目標設定で波を起こせ!荒れやすい「魔の6月」を乗り越える学級経営の極意 渡辺道治が「むしろチャンスの時期」と考える訳
経営の安定に大切なのは、衰退期を見越して新たな成長曲線を創出していくことだとされていますが、実は学級経営においてもこうした見えない成長曲線が存在し、その点を意識することが大切になります。
例えば、新年度に学級目標を設定し、最初はその目標に向かって努力しようとする機運があったとしましょう。達成した子が少しずつ出てくると、学級全体のモチベーションも上がっていきます。しかし徐々に意欲は薄れ、学級全体の機運が少しずつ下がり、最後は取り組み自体が中途半端に終わってしまう……。教師であれば、多くの方が経験のある状況ではないでしょうか。

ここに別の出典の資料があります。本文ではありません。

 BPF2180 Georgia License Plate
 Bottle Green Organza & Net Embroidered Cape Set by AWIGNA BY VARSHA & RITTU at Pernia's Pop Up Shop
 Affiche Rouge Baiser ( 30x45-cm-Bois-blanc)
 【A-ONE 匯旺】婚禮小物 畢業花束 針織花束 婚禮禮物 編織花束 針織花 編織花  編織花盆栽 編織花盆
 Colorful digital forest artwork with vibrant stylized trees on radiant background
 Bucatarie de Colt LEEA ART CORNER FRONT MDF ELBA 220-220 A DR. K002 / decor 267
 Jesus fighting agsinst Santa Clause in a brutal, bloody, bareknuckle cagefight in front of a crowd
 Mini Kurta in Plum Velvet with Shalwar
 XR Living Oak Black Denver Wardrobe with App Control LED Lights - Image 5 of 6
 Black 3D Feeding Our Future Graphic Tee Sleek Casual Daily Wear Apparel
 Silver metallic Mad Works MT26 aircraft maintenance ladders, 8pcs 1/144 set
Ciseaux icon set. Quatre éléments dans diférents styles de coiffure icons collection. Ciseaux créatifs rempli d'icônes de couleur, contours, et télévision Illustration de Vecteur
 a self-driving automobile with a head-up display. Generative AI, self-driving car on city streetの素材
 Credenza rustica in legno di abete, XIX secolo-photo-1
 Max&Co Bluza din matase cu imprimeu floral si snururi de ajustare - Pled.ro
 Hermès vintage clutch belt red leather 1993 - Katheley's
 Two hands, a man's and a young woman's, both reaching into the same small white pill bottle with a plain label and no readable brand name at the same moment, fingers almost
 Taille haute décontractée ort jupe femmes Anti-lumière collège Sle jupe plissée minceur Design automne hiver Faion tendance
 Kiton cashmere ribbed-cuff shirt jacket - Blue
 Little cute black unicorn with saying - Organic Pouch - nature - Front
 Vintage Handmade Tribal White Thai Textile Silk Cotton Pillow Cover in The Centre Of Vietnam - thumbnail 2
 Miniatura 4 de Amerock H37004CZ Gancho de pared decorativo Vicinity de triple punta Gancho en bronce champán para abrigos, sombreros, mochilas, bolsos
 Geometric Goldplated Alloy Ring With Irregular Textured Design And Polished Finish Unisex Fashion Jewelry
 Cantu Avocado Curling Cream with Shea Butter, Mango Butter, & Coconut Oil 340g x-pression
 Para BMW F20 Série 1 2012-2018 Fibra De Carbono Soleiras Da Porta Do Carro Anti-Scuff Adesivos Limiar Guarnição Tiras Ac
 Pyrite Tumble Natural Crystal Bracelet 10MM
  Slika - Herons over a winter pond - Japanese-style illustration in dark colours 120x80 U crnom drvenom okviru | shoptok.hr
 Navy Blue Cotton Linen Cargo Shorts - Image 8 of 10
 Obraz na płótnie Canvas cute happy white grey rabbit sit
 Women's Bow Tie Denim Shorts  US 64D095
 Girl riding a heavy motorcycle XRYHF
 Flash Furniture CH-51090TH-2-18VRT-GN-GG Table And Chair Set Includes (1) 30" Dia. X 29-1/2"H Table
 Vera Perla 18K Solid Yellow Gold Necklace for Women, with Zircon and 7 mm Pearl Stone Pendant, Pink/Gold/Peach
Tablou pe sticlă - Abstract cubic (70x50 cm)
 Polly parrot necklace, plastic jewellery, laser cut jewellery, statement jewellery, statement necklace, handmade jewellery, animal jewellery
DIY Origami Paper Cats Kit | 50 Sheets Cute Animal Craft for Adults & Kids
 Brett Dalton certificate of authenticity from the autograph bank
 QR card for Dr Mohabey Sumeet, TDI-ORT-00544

私は、こうした衰退期を見越して、1カ月程度で達成できそうな「短期目標」や「行事」を意図的に設定し、それに向けてチャレンジしていく仕組みをつくってきました。

例えば、「詩文を3編暗唱」「本を10冊読破」「1カ月間、日記をつける」などの目標です。百人一首やかるたの大会などを企画して、そこに向けて1カ月ほど練習を続けていく、あるいは「ビブリオバトル」や「大縄チャレンジ」など、日々の学習と関連づけて行事を設定するのもお勧めです。多くの学級で開催される「お楽しみ会」もただ単に開催するのではなく、アイデアを「プレゼンテーション大会」で出し合う形を取ってから催すのも面白いでしょう。
要は、「余りがちなエネルギーをプラスに転換する場や仕組みを整えられるかどうか」が大切だということです。
実は、この短期目標の話は、私が初任時代に通っていたサークルの先生から教えていただいたこと。まさに「魔の6月に合わせて波を起こそう」というお話でした。当初はピンときませんでしたが、教わったことを素直に受けてチャレンジしてきた結果、これまでの教員人生で「魔の6月」が訪れたことはついにありませんでした。
むしろ、どんな目標やイベントを設定すると子どもたちのモチベーションが上がっていくだろうかと考え続ける中で、たくさんのプラスの財産を得たように思います。「子どもたちは、簡単に得られる成功よりも、1カ月ほどの道のりを経て得た成長や成功のほうが何倍も喜ぶこと、それが学級全体のモチベーションを高めてくれるきっかけになること」をこの時期を通じて知ることができました。
「魔の6月」は、むしろチャンスの時期でもあるということですね。
「長期目標」で大きな波を起こし、成功体験を生み出す
ここで大切なのは、「余りがちなエネルギーを出し切る仕組み」や「減退しがちなモチベーションを高める仕組み」をつくる観点や方法を持っておくことです。この引き出しが多いほど、子どもたちの実態に合わせていろいろな成長の波を起こせます。
そのために大切なことは、「情報の仕入れ先」をつくっておくこと。教職は、先人が紡いできた叡智の一端を子どもたちに渡していく仕事ですから、“情報弱者”の状態で、自分だけの感覚や考えだけで仕事を進めることはお勧めできません。
「仕入れ先」は、本、雑誌、音声資料、映像資料、インターネット、セミナーなどさまざま。職場の同僚に直接教えてもらうことも非常に大切なことです。最高かつ最新の情報は、つねに「人」が持っています。積極的に「人」とのつながりをつくり、教えを請う中で着実に引き出しは増え続けていくでしょう。
また、短期目標と合わせて「長期目標」をいくつか設定すると、1年間を通じて余ったエネルギーを放出し切る仕組みがより整い、効果的です。年度当初に作っておくとよいですが、5月でも十分間に合います。
例えば、「日記を1年間で100日分書く」「逆上がりを全員達成する」「本を100冊読破する」「有名詩文を20編暗唱する」「大縄跳びで100回連続を達成する」など、達成までに数カ月を要するレベルのものがふさわしいです。
もちろん、長期目標の内容も学級の実態に合わせて設定することが大切です。最初に教師が大きな目標を掲げるというより、子どもたちの中からチーム目標のようなものが生まれてくるように短期目標と連動させながら進めるやり方もあるでしょう。